DIRECTIONS FOR THIS TASK: Task for the records below: copy exactly from the first line on, stopping once the line with "Swanson Vitamin D3" is copied, and leave out the pictures.

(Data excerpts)

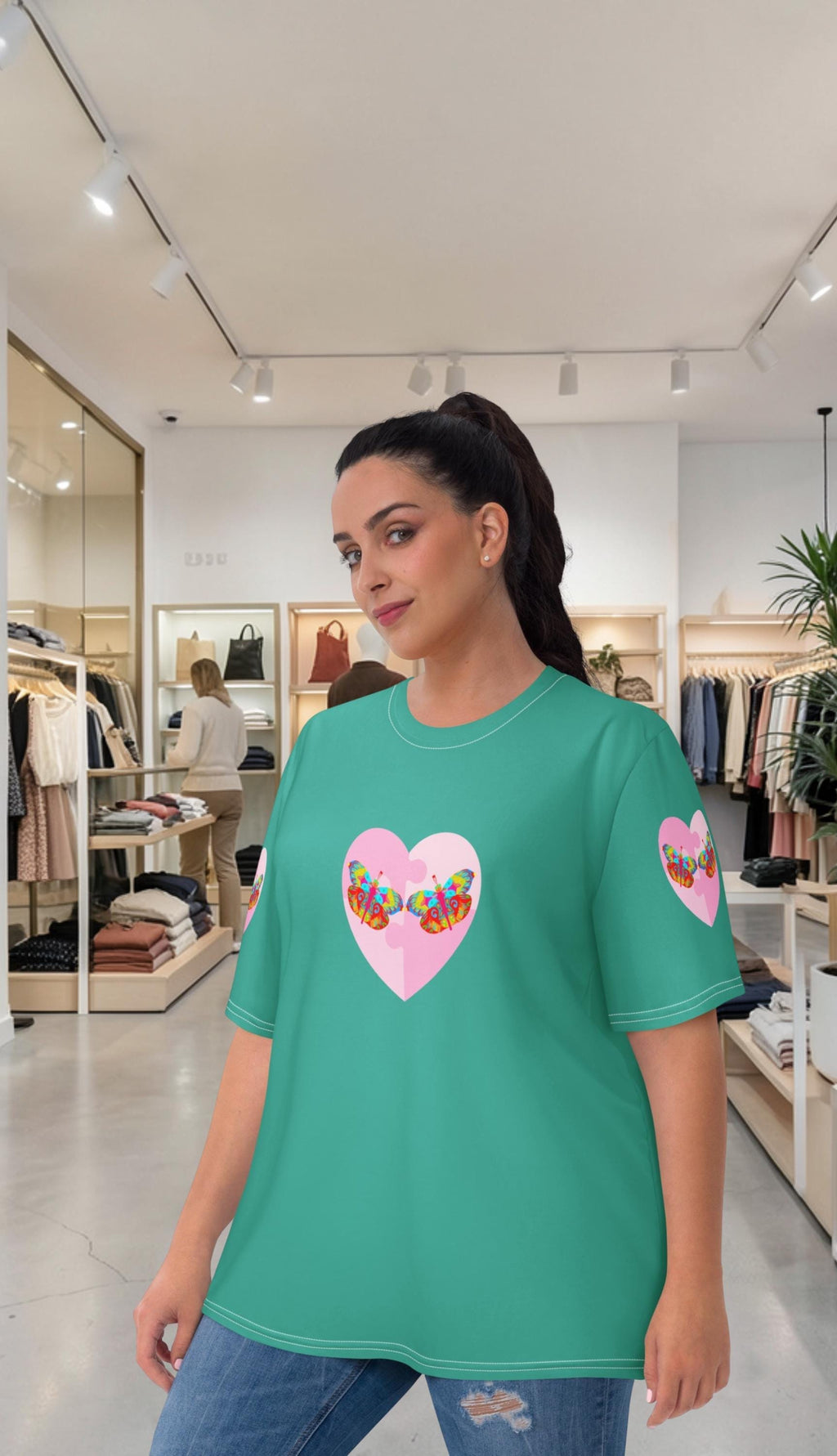Vibrant Apparel New Zealand Valentine Butterfly Heart T-shirt Women | Vibrant Apparel NZ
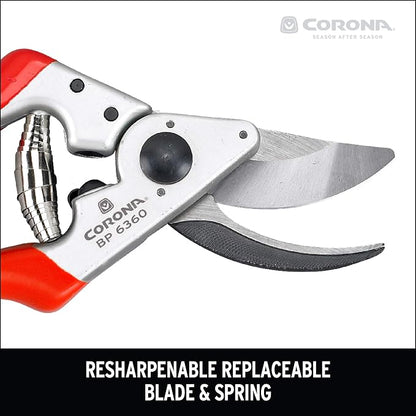 Corona BP 6360 Forged Steel Aluminum Handles Angled Bypass Hand Pruner - 1 inch Cut Capacity Stem and Branch Garden Shears, Red (Pack of 6)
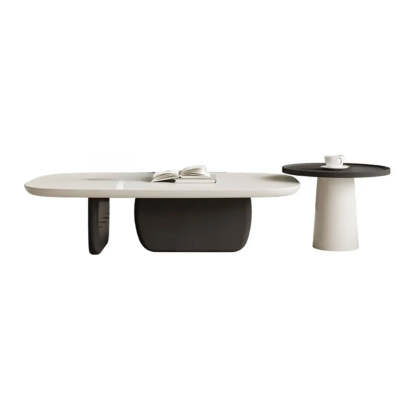 Beige Wood Block-Base Nesting Coffee Table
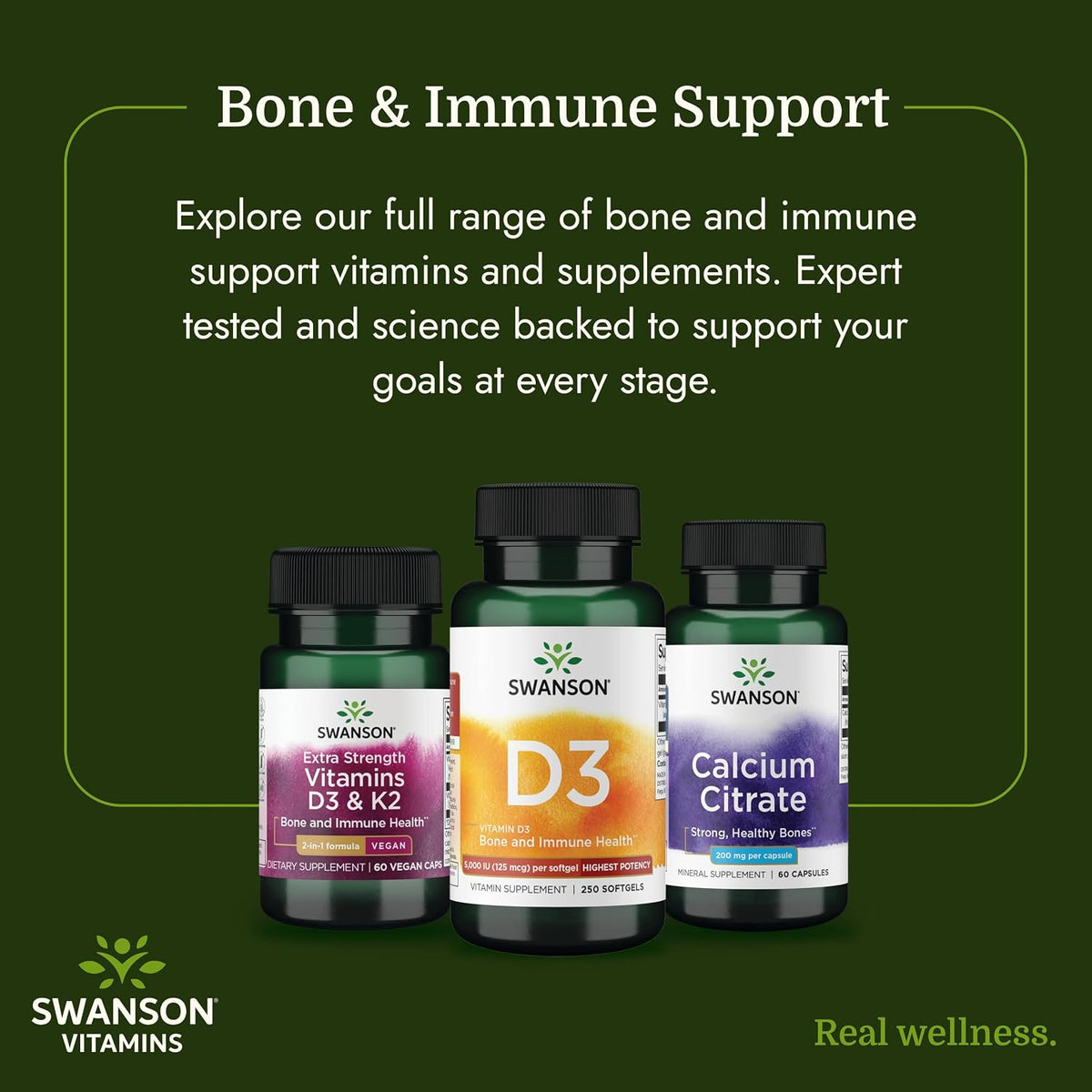 Swanson Vitamin D3 5,000 IU (125 mcg) – 250 Softgels - görsel 6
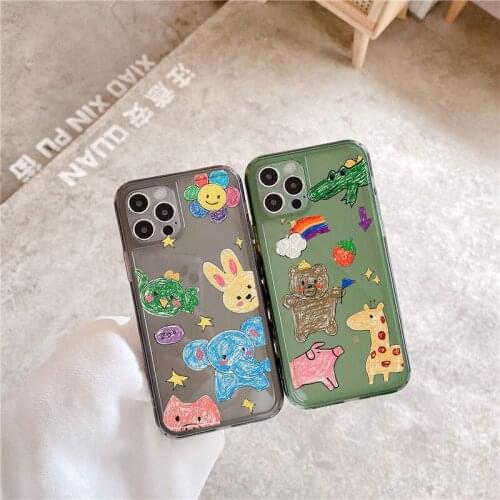 Cartoon Bear Rabbit Animal Phone Case For iPhone 11 12 Pro Max XR XS 8 7Plus SE20 Soft Kawaii Jelly Green Japan Clear Back Cover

TASK ANSWER:
Vibrant Apparel New Zealand Valentine Butterfly Heart T-shirt Women | Vibrant Apparel NZ
 Corona BP 6360 Forged Steel Aluminum Handles Angled Bypass Hand Pruner - 1 inch Cut Capacity Stem and Branch Garden Shears, Red (Pack of 6)
 Beige Wood Block-Base Nesting Coffee Table
 Swanson Vitamin D3 5,000 IU (125 mcg) – 250 Softgels - görsel 6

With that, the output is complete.